# Worm castings as soil layer?



## terazfish (Dec 30, 2020)

I have heard from my LFS that I could use worm castings as my soil layer. One benefit is not having to sift out the larger woody debris you find in organic potting soil. Has anyone had success with worm castings or should I stick with organic potting soil?


----------



## mistergreen (Mar 3, 2007)

I think it could work. I'd mix sand into it so it's not too rich in organics.


----------



## Michael (Jul 20, 2010)

Worm castings vary a lot depending on what the worms eat, but castings usually have higher fertility than we want in an aquarium substrate. Use a very thin layer or (better) mix them with an inorganic high cation exchange capacity substrate like Safe-T-Sorb or plain cat litter. I suggest no more than 50% castings, or a lot less.


----------



## Daz (Aug 15, 2020)

I used 2.5 cm of worm castings in my most recent tank. It took about 3 months to stop getting green algae. Now, plants are growing great and there is evidence of a nice CO2 production. I do 50% water changes every week, I dechlorinate water during a week in a 10L bucket and once a month I add a spoon of vermicompost to the dechlorination bucket as fertilizer (because I have no fish, and I don't want to overfeed my shrimp and snails). I get some thread algae growth that requires cleaning at least once a week.

This is my tank right now
https://photos.app.goo.gl/WZ8dnLEPCRWc7zn87


----------



## dwalstad (Apr 14, 2006)

Worm castings are a wonderful natural fertilizer packed with nutrients, but they are not recommended as a soil substitute. According to this educational article, worm castings have an NPK of 5:5:3. That is *50-100 times* more nitrogen, phosphorus, and potassium than what I use or recommend. For example, the NPK of the organic soil (MGOC) that I used for my successful shrimp bowls was 0.1:0.05:0.05. See article. Even then, some hobbyists complained about algae from excess nutrients. 

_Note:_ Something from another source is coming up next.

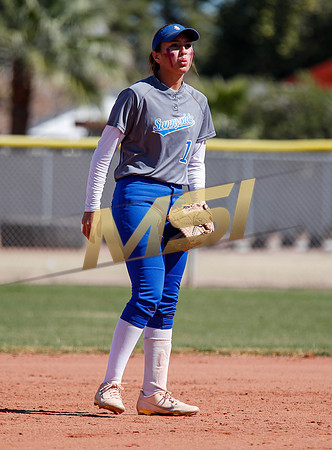 AIA Varsity Girls Softball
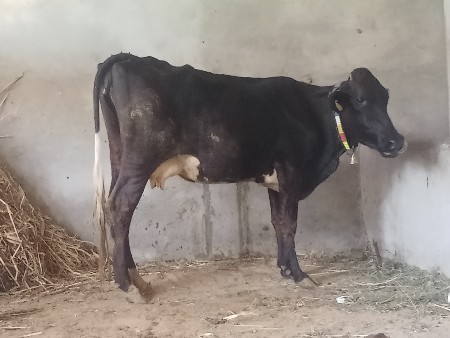 hf ગાય પેલુવેટર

Not to worry, though. Your post shows that you can set up a tank with a very nutrient-rich substrate and eventually get a nice tank. The trick is doing enough water changes to remove all those excess nutrients.

Folks: Aquatic plants don't need an ultra-rich substrate. They are shade plants with CO2-limited growth. Excess nutrients encourages algae and water changes more than it helps plant growth.


----------



## Daz (Aug 15, 2020)

dwalstad said:


> Not to worry, though. Your post shows that you can set up a tank with a very nutrient-rich substrate and eventually get a nice tank. The trick is doing enough water changes to remove all those excess nutrients.

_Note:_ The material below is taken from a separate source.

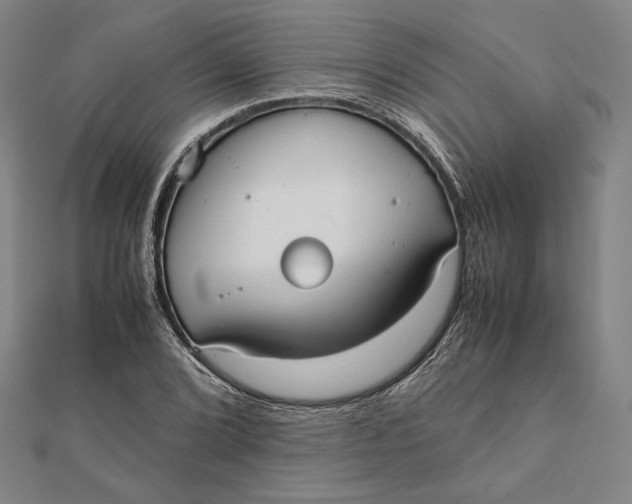 X0000112051072200908250953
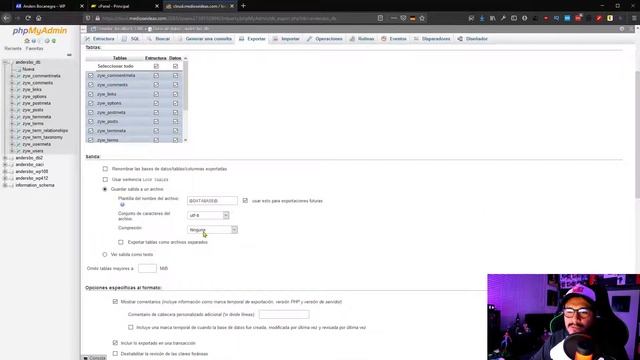 RESPALDAR BASE DE DATOS DE WORDPRESS EN CPANEL Y PHPMYADMIN Exportar e importar base de datos смотреть онлайн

Indeed, many aquatic plants do well with low light, the tank I set up is packed with plants that grow under direct sunlight in my area (they even avoid tree shade), so I went for a high light, high nutrient aquarium.


----------



## terazfish (Dec 30, 2020)

Thank you all for the replies! Your input was helpful for determining how I want to setup my first dirted tank.


----------